This afternoon, my book club met at my house. The book for this month was Joe Biden’s Promises to Keep. I don’t usually read autobiographies, but I enjoyed Biden’s and I liked learning more about someone who could eventually be vice-president. It was a cold and rainy Sunday, and I wanted to make a meal that was simple and warm, and used the vegetables I had from my weekly produce box. (Actually, at first I thought it might be fun to make book-themed food, but it turns out Joe Biden’s favorite meal is pasta, and his favorite dessert is oatmeal-raisin cookies, so that didn’t really fit with what I wanted to serve).

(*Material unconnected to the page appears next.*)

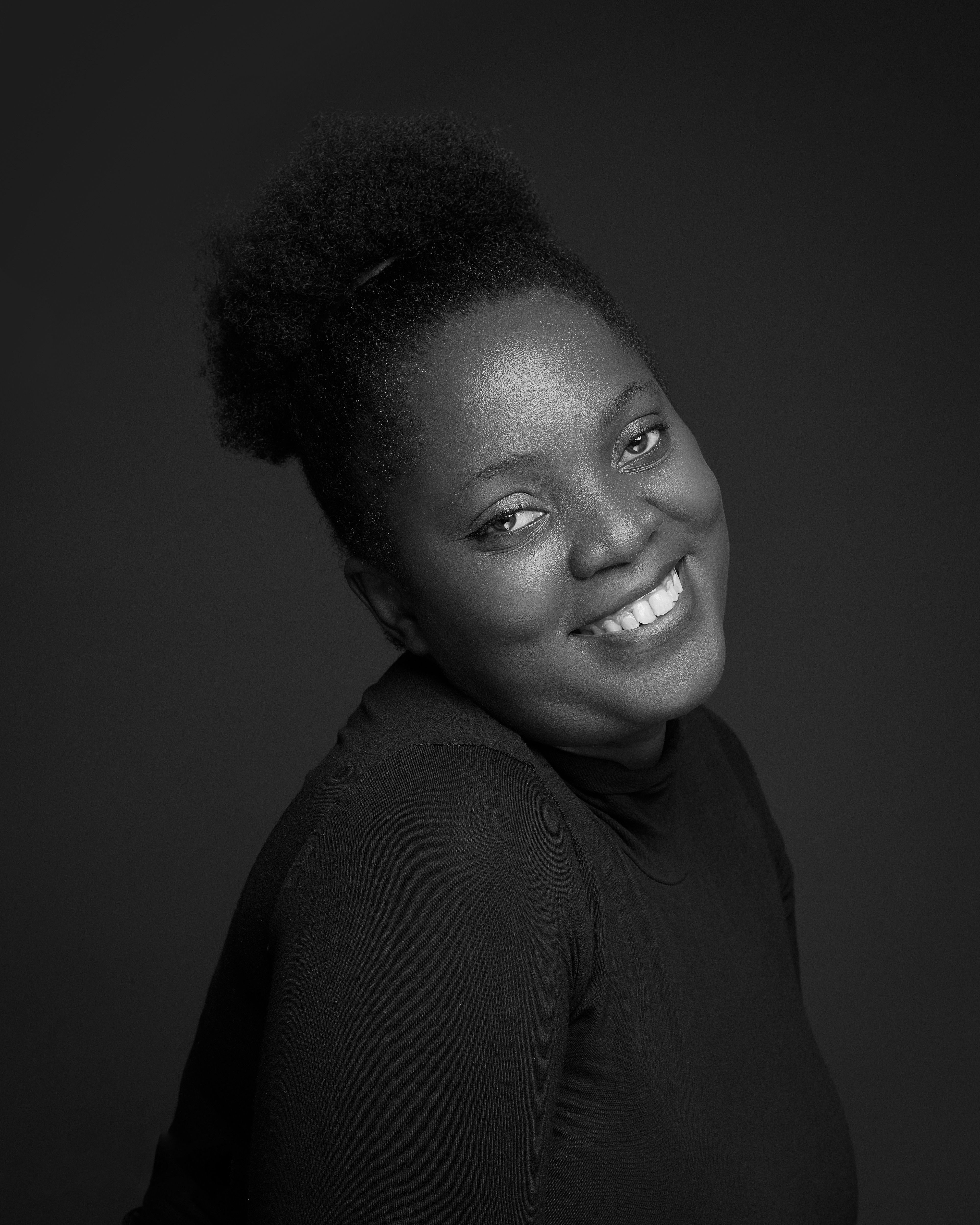 Black and White Portrait of a Smiling Woman · Free Stock Photo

Last night, I set some dough for No Knead Bread, using a combination of white and white-whole-wheat flour. This afternoon, I took half of the dough out of the refrigerator, formed it in my baguette pans and let it re-rise. I used a bit too much dough and the baguettes overflowed their chambers a little, but they came out quite tasty.  I I found a sweet potato soup in Robin Robertson’s Fresh from the Vegetarian Slow Cooker, and I had nearly all of the ingredients from my box; I only had to buy fresh ginger. I made a salad with greens, olive oil, salt and pepper and some sliced oranges and their juice. For dessert, I used some plums that I had sliced and frozen right before our trip to Hawaii, and I made a cobbler. The cobbler turned out especially well, so I thought I’d share the recipe. The topping was adapted from a recipe for Pear, Cranberry and Vanilla Crumble from Regan Daley’s In The Sweet Kitchen: The Definitive Baker’s Companion.

Plum Cobbler

Filling

5-6 cups sliced ripe plums

1/4 c. flour

1 orange supremed and chopped

Zest of 1 orange

Topping

3/4 c. flour

3/4 c. sugar

3/4 c. margarine

3/4 c. rolled oats.

Combine filling ingredients in an 8×8 glass dish. In a medium bowl, mix flour and sugar and cut in margarine. Add oats and combine. Sprinkle topping over the filling. Bake at 350 until topping is brown and crisp.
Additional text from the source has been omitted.